Peak Growth

Like so many activities throughout Summer Quest, Robyn Hartley’s gardening camp offers a keener, gentler way of seeing the world. 
In the dappled shade of the Lower School garden, tucked below Reynolds Hall, young Summer Quest campers are searching for life within the flowers. The campers, bending toward a patch of marigolds, are keeping an eye out for the praying mantis they spotted the day before. One camper finds the mantis perched on a petal and carefully places her finger beside the bug, encouraging it to take a ride. The mantis does, in its thoughtfully delicate way, and the student says with excitement, “Look, its wings are starting to show. I can’t believe it!”

Collegiate groundskeeper and horticulturist Robyn Hartley, the counselor of this particular Summer Quest camp, left another group of campers watering the vegetable garden to counsel the students with the mantis. “Those wings are actually his arms. He uses them to catch critters like beetles and crickets. And look,” Hartley says, picking up a thin film of exoskeleton she spots in the grass, “this was his old jacket that he shed recently. A praying mantis will shed its skin when it needs to grow.” 
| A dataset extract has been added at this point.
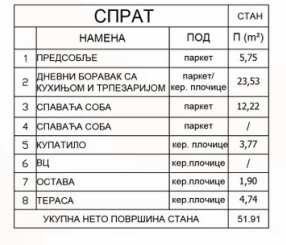 Slika 4 - Jednoiposoban stan u ekskluzivnoj stambeno-poslovnoj zgradi na Panteleju ID#7376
At Collegiate, the summer months offer Richmond-area students of all ages these types of experiences. And, because so many of the camps available are taught by Collegiate faculty and staff, campers and their families not enrolled at Collegiate have a chance to experience the School’s approach to education. The games played on Grover Jones Field. The engineering and robotics instruction. The trips taken within the expansive worlds of books and those long sails down the James River. All of it is part of Collegiate’s Summer Quest, which, this year, offered 220 camps during the summer, each catered toward discovery. 

More excitement follows the praying mantis. Hartley then brings out a dobsonfly, a big-winged insect with menacing-looking jaws, to show the campers. They’re all thrilled, giddily observing the papery wings through the container Hartley caught it with. Although intimidating, the insect is virtually harmless, Hartley tells the students, and their excitement rises at the occasion of this new experience. This is something they’ve never seen before. 

“I love this camp!” one student exclaims, moving closer to Hartley to have a better look at the dobsonfly. “Mrs. Hartley lets us see all these cool bugs up close.” Later, once back inside, the campers write in their gardening journals, drawing pictures of the bugs they saw, detailing their explorations. 

Like so many activities throughout Summer Quest, Hartley’s camp offers a keener, gentler way of seeing the world. “There’s a lot of world in a little flower,” Hartley says. “And I just want to introduce that world to students. By feeling closer to the world around them, it helps them hopefully become more empathetic and understanding.” And that’s what learning is all about, really: broadening your sense of things, in this case by looking closely. 

Earlier that day, the campers enjoyed a close look at one- and two-day old chicks that groundskeeper Andrew Stanley incubated and hatched. Ten cute bundles of chirping feathers, hopping around a classroom, making little clucks as the students hold them. “When they’re squeaking like that they’re telling you something,” one student says. Hartley recommends water — maybe the chick is thirsty. This is about hands-on education, and, with the student’s hands cupped gently around the chick’s belly, hands-on doesn’t get much closer than that. Hartley passes the student a little bottle cap filled with water to offer up. She’s absorbed in the moment, stroking the chick’s head. “This is just so amazing,” she says, smiling.